Pero también hubo anécdotas, confesiones, bromas, baile, filosofía improvisada y hasta una especie de clase magistral sobre cómo disfrutar la vida.
No hubo pausas para la nostalgia: “Agua Nueva” y “Es Mejor Así”, que desató los gritos de quienes crecieron con esa canción que es de las pocas bailables del cantante.

Con “Solo dame una noche” terminó por poner a cantar hasta a quienes habían llegado con timidez. Cada tema parecía despertar un recuerdo distinto y Cristian, entre sonrisas y saludos, dejaba que el público se adueñara por momentos del concierto.
El evangelio según Cristian: no hacer nada
Mientras otros artistas hablan de disciplina, productividad o éxito, Cristian Castro llegó a León con un mensaje distinto.
En medio de una conversación con el público, lanzó una frase que terminó marcando el tono de toda la noche.
“Les quiero mostrar cómo hacer nada.
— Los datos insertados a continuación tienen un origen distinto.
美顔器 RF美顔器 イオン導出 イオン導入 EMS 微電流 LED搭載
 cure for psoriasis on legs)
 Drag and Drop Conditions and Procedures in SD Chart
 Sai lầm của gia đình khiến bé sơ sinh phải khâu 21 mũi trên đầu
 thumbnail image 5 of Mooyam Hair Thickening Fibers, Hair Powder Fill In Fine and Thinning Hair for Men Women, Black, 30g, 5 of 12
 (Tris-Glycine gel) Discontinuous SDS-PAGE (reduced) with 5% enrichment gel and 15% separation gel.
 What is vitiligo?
Es muy fácil. No aplaudan, no hagan nada”, por supuesto, nadie le hizo caso. La respuesta fue una ovación que retumbó en toda la Velaria.
El cantante también habló constantemente sobre disfrutar la vida, dejarse llevar por el amor, compartir con los amigos y valorar a la familia.
Más que un concierto, por momentos parecía una sobremesa entre conocidos donde el anfitrión casualmente es una de las voces más populares del pop latino.
El hombre que nunca dejó de platicar
Una de las características que han convertido a Cristian Castro en un personaje tan querido es precisamente su capacidad para romper cualquier protocolo.
Entre canción y canción hablaba y hablaba mucho. Lo mismo compartía reflexiones sobre el amor que comentarios sobre la luna llena, recuerdos futboleros o bromas sobre su rutina de ejercicio.
“Sin ustedes no habría show”, dijo en uno de varios momentos donde agradeció el cariño del público leonés.
También confesó que, pese a tener recuerdos relacionados con León, su corazón futbolero sigue perteneciendo a los Pumas, declaración que provocó una divertida mezcla de aplausos y rechiflas.
Más adelante volvió a arrancar risas cuando aseguró que había entrenado para impresionar a sus seguidoras.
“Estoy haciendo mucho ejercicio para venir aquí y para impresionar a todas las muñecas”.
Antes de continuar con “Por amarte así” y “Yo quería”, de las más esperadas en la noche.
La naturalidad con la que se mueve entre el humor y la música terminó convirtiéndolo en algo más que un cantante durante la noche: un anfitrión.
Un gallito muy feliz y bailador
“Yo se que todos vinieron a escuchar Gallito Feliz”, dijo muy sonriente y si alguien dudaba de la cercanía de Cristian con su público, la respuesta llegó cuando decidió invitar a una fan al escenario.
La dinámica comenzó como una simple búsqueda de la persona más escandalosa de la noche y terminó con una seguidora bailando junto al cantante.
Una lluvia de éxitos
Hubo lluvia pero de éxitos, musicalmente, el repertorio fue una máquina del tiempo para varias generaciones.
Los celulares iluminaron el recinto durante las baladas, hubo parejas abrazadas, grupos de amigos cantando a todo pulmón y familias completas compartiendo canciones que han sobrevivido varias décadas.
También sonaron temas como “Azul” y “No podrás”, que despertaron una fuerte dosis de nostalgia entre los asistentes.
Cristian se comportó como un caballero cercano, dispuesto a escuchar, bromear, convivir y agradecer.
Después de casi dos horas, dejó a su público más que satisfecho, con ganas de más canciones que sonaron en todos los carros que salían de los estacionamientos aledaños a la Velaria que regresaron a sus destinos escuchando su canción favorita.